Les récits qui nous captivent ont, pour but, cargaisons de caravelles espagnoles, joyaux de couronne, idoles païennes, butins fabuleux de voleurs orientaux, mines inépuisables de métaux précieux, artefacts ésotériques aux pouvoirs occultes et destructeurs, avatars terrifiants de la malédiction et du génie humains, espèces sonnantes et trébuchantes de la volonté de puissance, d'abondance, d'immortalité, réclamant un long périple jusqu'à la géographie lointaine et les vestiges de temps anciens où mystères et légendes veillent jalousement sur la cristallisation de mirages.

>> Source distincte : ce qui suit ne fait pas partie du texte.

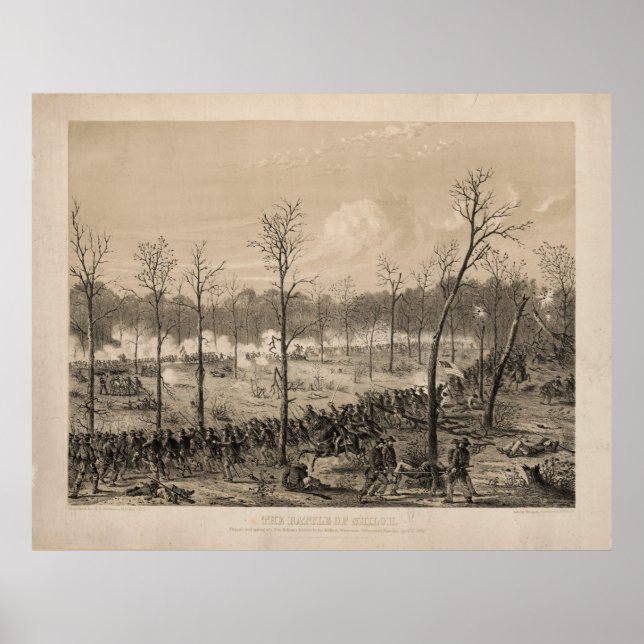 The Battle of Shiloh by Alfred E. Mathews (1862) Poster (Front)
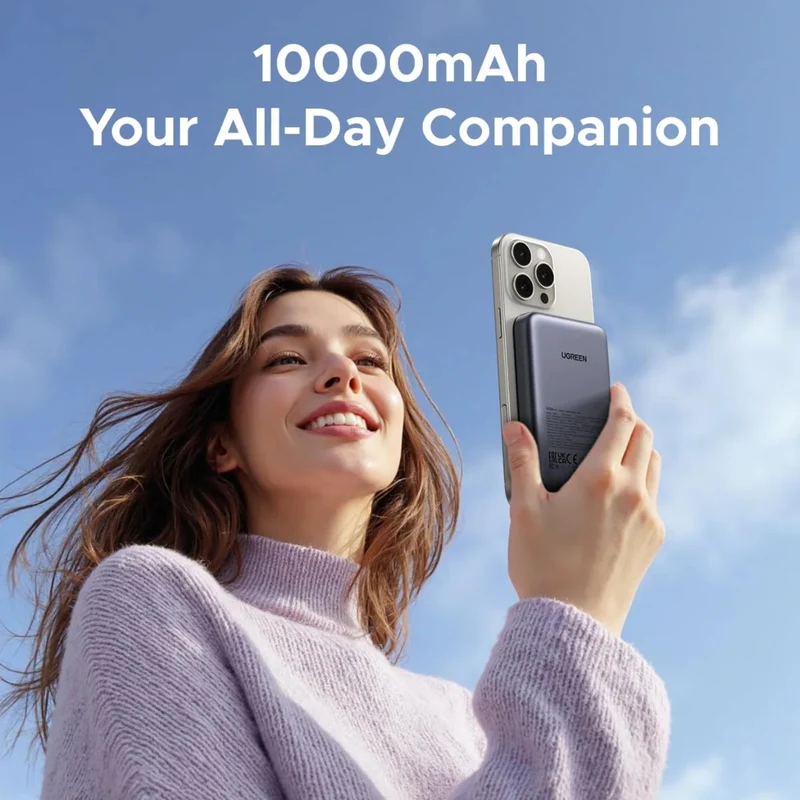 Ugreen Power Bank Batería Externa Inalámbrico Carga Rápida USB C 10,000 mAh 20W, 25919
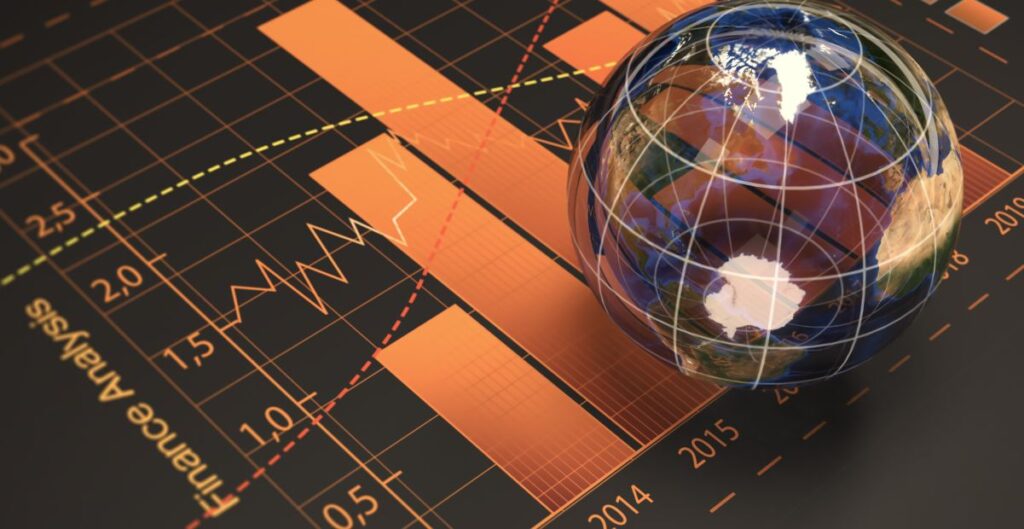 Gráfico de análise financeira global com um globo terrestre, representando desafios e oportunidades em negócios globais.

Ces contes, qui ont eux-mêmes pour objet des fables, tiennent dans le creux de leur main toute la grandeur et la vanité de l'âme humaine, que meut le désir du gain absolu, inimaginable, mais aussi le rêve du voyage édifiant, le fantasme de l'inaccessible brusquement à portée de main, comme récompense de l'effort au risque du sacrifice. On voit ici quelle place privilégiée tient l'El Dorado dans la collection de ces miroirs aux alouettes : la cité d'or est tout à la fois le trésor et l'écrin. Elle devient l'archétype du genre. Elle est le joyau disproportionné, renversant l'échelle ordinaire du trésor dont l'on peut s'emparer, et qui ici, une fois atteint, nous englobe, nous comporte, proprement inemportable, ne nous laissant comme alternative que la destruction suite à notre passage, et à la rigueur quelques miettes dérisoires en souvenir dans les poches – dérisoires pour l'El Dorado, mais de nouveau inestimable de retour au monde normal, si on y revient entier, et avec pour corollaire la promesse d'une indélébile mélancolie. C'est un monde hors du monde, répondant à ses propres règles, ou plutôt à sa seule règle : une utopie éblouissante, une réponse à l'obsession vénale de ce qui resplendit. En fait, c'est absurde, comme tout idéal : lorsqu'on remplace l'or, en tant que matière première, par un autre élément arbitraire, comme l'a malicieusement fait Carl Barks en 1948, en lançant Donald et ses neveux à la recherche d'une cité, cachée dans les brumes des Andes, où tout est carré, même les œufs, la chimère fait sourire. L'El Dorado ne fait pas sourire, elle attire. Barks dessine des canards en quête d'œufs carrés : l'histoire se réduirait au grotesque si elle ne mettait précisément le doigt sur le mécanisme moteur de toute quête de ce genre, le désir de posséder ce que personne ne possède.*

Nous ne tardons pas, face à nos albums de bande dessinée et nos romans, face à nos écrans de télévision et de cinéma, à remarquer que l’El Dorado est systématiquement empoisonnée, ou à tout le moins piégée : les obstacles pour y accéder, nécessaires au récit pour avancer et au héros pour affirmer sa valeur, prennent tour à tour la forme d'énigmes à déchiffrer et de pièges indigènes à déjouer, sous peine d'échouer et de perdre la vie. Ces énigmes et ces pièges, ingénieux et pervers, sont devenus des attributs à part entière du trésor, donc de la narration. C'en est aussi l'aspect le plus ludique.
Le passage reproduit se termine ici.